I am studying real analysis with Real Mathematical Analysis (2nd. ed.) by Pugh and I am stuck in an exercise as follows:

Given $x>0$ and $n\in\mathbb{N}$, prove that there is a unique $y>0$ such that $y^n=x$. That is the $n^{\text{th}}$ root of $x$ exists and is unique. $[$Hint: Consider $$ y=\text{ l.u.b. } \{s\in\mathbb{R}:s^n\leq x\}$$ Then use Exercise 15 (shown below) to show that $y^n$ can be neither $<x$ nor $>x$.$]$

15. Given $y\in\mathbb{R}, n\in\mathbb{N}$ and $\epsilon>0$, show that for some $\delta>0$, if $u\in\mathbb{R}$ and $|u-y|<\delta$ then $|u^n-y^n|<\epsilon$. $[$Hint: Prove the inequality when $n=1, n=2$ and then do induction on $n$ using the identity

$$u^n-y^n=(u-y)(u^{n-1}+u^{n-2}y+\dots+y^{n-1})]$$

I cannot come up with an idea about how to start and complete this proof. I appreciate any kind of help.

Answer 1

Let $A=\{s\in\mathbb{R}:s^n\leq x\}$. Since $0\in A$ and all $a\in A\leq x+1$, the least upper bound $y$ for $A$ exists.

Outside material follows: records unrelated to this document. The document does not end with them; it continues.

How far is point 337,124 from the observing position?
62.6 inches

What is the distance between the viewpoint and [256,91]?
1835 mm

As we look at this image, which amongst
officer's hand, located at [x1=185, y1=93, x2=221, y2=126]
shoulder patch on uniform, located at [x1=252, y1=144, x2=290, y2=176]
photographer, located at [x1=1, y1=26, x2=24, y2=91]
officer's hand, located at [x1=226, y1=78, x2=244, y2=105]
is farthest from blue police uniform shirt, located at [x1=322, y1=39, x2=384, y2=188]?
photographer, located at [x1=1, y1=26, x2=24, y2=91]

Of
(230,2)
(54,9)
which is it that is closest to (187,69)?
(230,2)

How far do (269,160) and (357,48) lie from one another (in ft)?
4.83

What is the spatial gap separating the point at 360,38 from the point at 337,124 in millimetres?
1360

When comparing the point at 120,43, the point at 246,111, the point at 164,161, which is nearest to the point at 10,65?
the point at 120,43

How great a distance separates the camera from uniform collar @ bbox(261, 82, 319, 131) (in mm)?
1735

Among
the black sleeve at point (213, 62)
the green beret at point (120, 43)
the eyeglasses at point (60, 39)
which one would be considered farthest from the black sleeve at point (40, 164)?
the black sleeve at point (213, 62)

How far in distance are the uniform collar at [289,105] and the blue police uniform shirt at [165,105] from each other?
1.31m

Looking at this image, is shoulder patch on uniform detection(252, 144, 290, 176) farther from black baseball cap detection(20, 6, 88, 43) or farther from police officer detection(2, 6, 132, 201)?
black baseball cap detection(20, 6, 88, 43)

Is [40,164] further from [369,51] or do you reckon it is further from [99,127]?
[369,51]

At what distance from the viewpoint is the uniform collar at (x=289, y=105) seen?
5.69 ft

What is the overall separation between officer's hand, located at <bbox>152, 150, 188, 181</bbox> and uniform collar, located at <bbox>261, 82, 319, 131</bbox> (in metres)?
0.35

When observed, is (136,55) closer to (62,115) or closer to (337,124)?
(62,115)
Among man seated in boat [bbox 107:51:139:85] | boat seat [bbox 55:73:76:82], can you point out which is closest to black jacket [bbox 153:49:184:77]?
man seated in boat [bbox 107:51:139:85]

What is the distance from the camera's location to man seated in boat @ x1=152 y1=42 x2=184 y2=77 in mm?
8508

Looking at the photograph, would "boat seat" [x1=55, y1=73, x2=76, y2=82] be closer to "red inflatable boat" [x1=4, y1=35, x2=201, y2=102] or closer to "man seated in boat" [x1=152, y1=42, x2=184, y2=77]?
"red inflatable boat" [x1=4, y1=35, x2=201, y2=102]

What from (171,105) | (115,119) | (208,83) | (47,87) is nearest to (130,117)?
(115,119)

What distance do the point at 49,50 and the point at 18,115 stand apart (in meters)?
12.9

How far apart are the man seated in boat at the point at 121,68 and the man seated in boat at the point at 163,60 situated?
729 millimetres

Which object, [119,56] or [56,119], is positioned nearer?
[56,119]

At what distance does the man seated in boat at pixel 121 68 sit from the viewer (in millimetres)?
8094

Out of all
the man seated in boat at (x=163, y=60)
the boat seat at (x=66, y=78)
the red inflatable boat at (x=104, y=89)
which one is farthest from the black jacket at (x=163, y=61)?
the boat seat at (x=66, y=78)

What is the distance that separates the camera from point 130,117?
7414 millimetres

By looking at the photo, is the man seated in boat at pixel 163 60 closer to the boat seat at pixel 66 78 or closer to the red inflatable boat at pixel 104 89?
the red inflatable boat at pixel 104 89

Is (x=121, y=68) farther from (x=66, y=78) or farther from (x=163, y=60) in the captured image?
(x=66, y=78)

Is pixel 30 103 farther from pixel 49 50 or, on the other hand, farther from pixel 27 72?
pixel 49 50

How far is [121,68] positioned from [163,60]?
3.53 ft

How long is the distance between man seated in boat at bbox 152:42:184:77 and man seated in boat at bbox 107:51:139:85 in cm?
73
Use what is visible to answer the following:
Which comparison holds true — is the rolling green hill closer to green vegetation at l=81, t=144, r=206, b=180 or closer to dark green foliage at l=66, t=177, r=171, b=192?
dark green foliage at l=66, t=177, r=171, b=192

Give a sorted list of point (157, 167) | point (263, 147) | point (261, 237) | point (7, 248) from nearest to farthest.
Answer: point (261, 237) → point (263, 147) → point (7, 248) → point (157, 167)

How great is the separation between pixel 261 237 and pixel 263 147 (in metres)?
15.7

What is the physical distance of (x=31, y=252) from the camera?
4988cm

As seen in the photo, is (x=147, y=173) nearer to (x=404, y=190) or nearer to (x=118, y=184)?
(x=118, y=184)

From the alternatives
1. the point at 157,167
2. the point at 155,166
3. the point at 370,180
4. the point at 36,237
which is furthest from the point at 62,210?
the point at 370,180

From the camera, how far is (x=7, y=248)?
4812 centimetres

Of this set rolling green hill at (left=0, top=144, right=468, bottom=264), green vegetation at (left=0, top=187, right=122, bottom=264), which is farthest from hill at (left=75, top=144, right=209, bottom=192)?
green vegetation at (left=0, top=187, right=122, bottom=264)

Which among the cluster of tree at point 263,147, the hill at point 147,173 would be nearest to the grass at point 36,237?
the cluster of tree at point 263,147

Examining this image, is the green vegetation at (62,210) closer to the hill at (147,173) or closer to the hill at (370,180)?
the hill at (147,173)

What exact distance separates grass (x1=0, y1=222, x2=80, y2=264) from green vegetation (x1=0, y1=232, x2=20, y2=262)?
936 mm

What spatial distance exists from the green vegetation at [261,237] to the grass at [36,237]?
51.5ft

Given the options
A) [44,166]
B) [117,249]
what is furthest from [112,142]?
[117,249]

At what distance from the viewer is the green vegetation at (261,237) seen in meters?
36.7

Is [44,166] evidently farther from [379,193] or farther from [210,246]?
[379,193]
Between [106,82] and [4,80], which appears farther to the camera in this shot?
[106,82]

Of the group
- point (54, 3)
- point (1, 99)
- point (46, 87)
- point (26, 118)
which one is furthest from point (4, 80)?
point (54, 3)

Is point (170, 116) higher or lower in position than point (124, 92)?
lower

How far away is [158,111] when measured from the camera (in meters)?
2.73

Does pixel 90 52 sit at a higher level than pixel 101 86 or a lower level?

One of the following three cases must be true: $y^n<x, y^n=x, y^n>x$.

Case $y^n<x$:

• Let $\epsilon = x-y^n$.
• Then by exercise 15, there is a $\delta>0$ such that for some $u\in\mathbb{R}$, $|u-y|<\delta\implies|u^n-y^n|<\epsilon$.
• In particular, there is a $u'$ such that $y<u'<y+\delta$.
• This means that $u'^n-y^n<\epsilon=x-y^n \implies y^n<u'^n < x$, contradicting that $y$ is the least upper bound for $A$.

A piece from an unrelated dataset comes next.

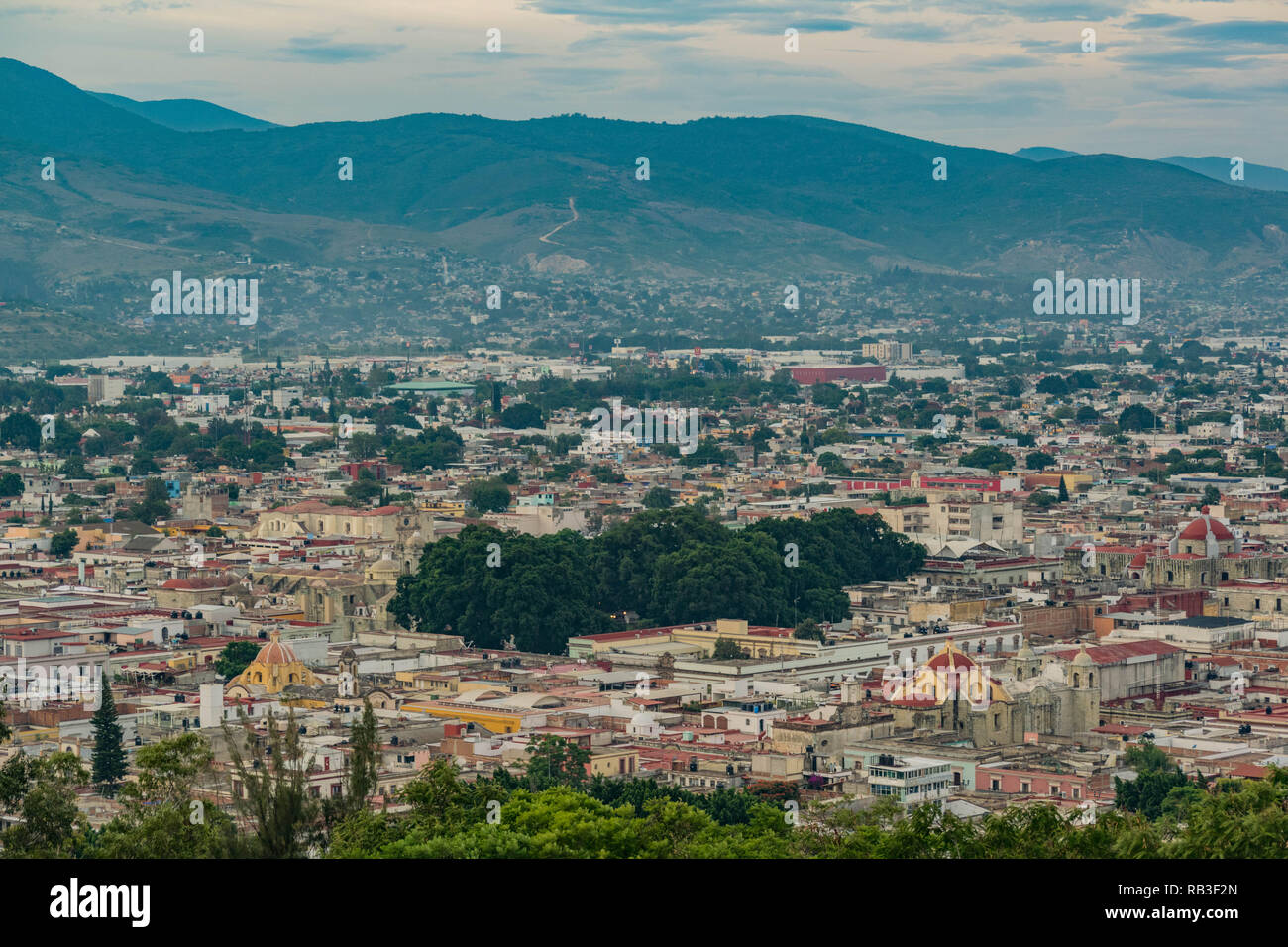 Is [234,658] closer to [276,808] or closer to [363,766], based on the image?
[363,766]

A similar argument can be made for $y^n > x$ so I'll omit it here.

Now that we showed $y^n=x$, we have to show that this $y$ is $unique$. This is trivial with the fact that least upper bounds are unique.

Note: I've seen a solution like this somewhere but I can't remember where.